Don Aucoin, The Boston Globe April 13, 2012
THE LUCK OF THE IRISH shines at Huntington
Early in Kirsten Greenidge’s “The Luck of the Irish,’’ during a get-together that initially appears social in nature but turns out to be a very particular sort of business transaction, two couples drink from a set of glasses that seem like, but aren’t, Waterford crystal.
This small matter of mistaken glassware leads a pair of women — one black, one white — to make assumptions about each other that help pave the way for longstanding antagonism. (There is also the matter of a house, and who is its true owner.)
It’s one of numerous instances in Greenidge’s superb, beautifully realized new play — now receiving its premiere in a Huntington Theatre Company production directed by Melia Bensussen — that illustrate the playwright’s sure grasp of the nuances of race and class and her insights into the complexities of human nature.
Those gifts were also on display in Greenidge’s “Bossa Nova,’’ produced at the Yale Repertory Theatre in 2010. But “The Luck of the Irish’’ is even better. In the hands of a less skilled writer, “Irish’’ could come off as a sociological treatise. Not in Greenidge’s hands, though.

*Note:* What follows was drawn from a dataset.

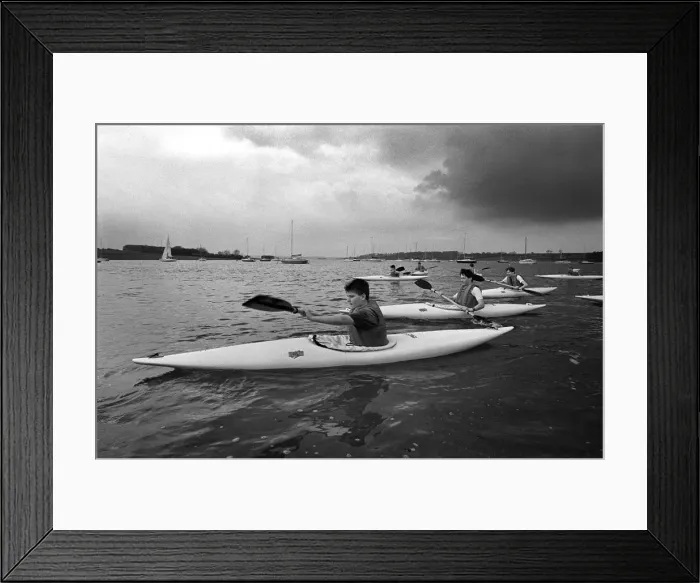 Framed Print : Teenagers paddle their canoes on Rutland Water, Leics Framed Print : Teenagers paddle their canoes on Rutland Water, Leics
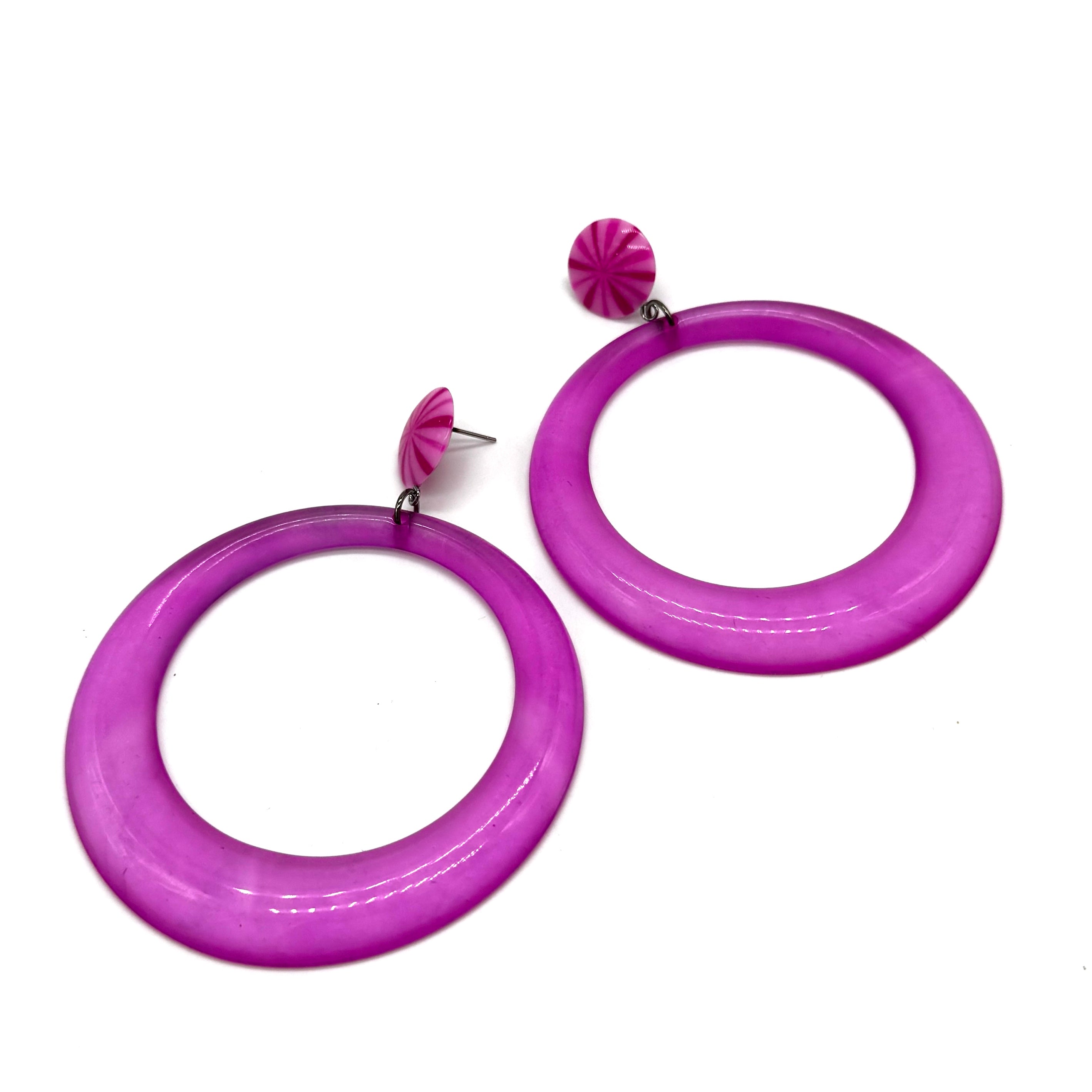 Purple hoop earrings on a white background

A writer of compassion and deep understanding, she populates the stage of the BCA’s Wimberly Theatre with vividly individualized characters who, in different ways, for different reasons, and to different degrees, each make a claim on our sympathy.
After a somewhat meandering start, “The Luck of the Irish’’ settles into a smooth rhythm as it shuttles back and forth between the late 1950s and the early 2000s.
In the 1950s, a black couple, Lucy and Rex Taylor (played by Nikkole Salter and Victor Williams) are preparing to move from their South End apartment to a fictional, predominantly white Boston suburb named Bellington. They are doing so with the assistance of a white couple, Patty Ann and Joe Donovan (portrayed by Marianna Bassham and McCaleb Burnett). The Donovans are being remunerated by the Taylors, though whether their payment is sufficient will soon become a point of fierce dispute between Patty Ann and Lucy.
(Greenidge based this scenario on a tactic used by her own grandparents to buy a house in Arlington in 1967. Her family called it “ghost-buying.’’ It occurred often in the 1940s, 1950s, and 1960s, as black homebuyers used white straw buyers, who would transfer the deed to them, to circumvent the unwillingness of white owners to sell to black homebuyers and the refusal by real estate agents to show homes to African-Americans.)
Fast forward nearly half a century. Hannah Davis (Francesca Choy-Kee), the granddaughter of Lucy and Rex, and her husband, Rich (Curtis McClarin), are living in the Bellington house. Suddenly Mrs. Donovan, now elderly but no less fierce, starts besieging them with letters demanding that they move out, claiming that she and her husband are the rightful owners of the house. Is it possible that she is telling the truth? The Davises search high and low for their own copy of the deed.
Meanwhile, Hannah is making plans to pull their son out of fourth grade and home-school him, convinced that the teachers have stigmatized him because he is the only black student. Her husband believes she is overreacting. Marital friction ensues.
This bare-bones summary does not begin to capture how rich Greenidge’s dialogue is, how satisfyingly detailed the two interwoven stories are, and how uniformly well-acted “The Luck of the Irish’’ is, including by Shalita Grant as Hannah’s sister Nessa and by Nancy E. Carroll and Richard McElvain as the elderly Donovans.
Choy-Kee, who played a key role in the Yale Rep’s “Bossa Nova,’’ delivers a sensitive performance as Hannah, who is bedeviled by anxieties about her son that may have more to do with nagging insecurities, down deep, about her own place in the world. Salter is equally compelling as Lucy, whose will is unyielding (she will not allow her family to be pushed out of Bellington) but whose heart is touched by the hapless, dreamy Joe, who longs for the life of books and words that Lucy lives.
Greenidge, who lives in Medford, has been steadily building a reputation, play by play. “The Luck of the Irish’’ can only add luster to that reputation.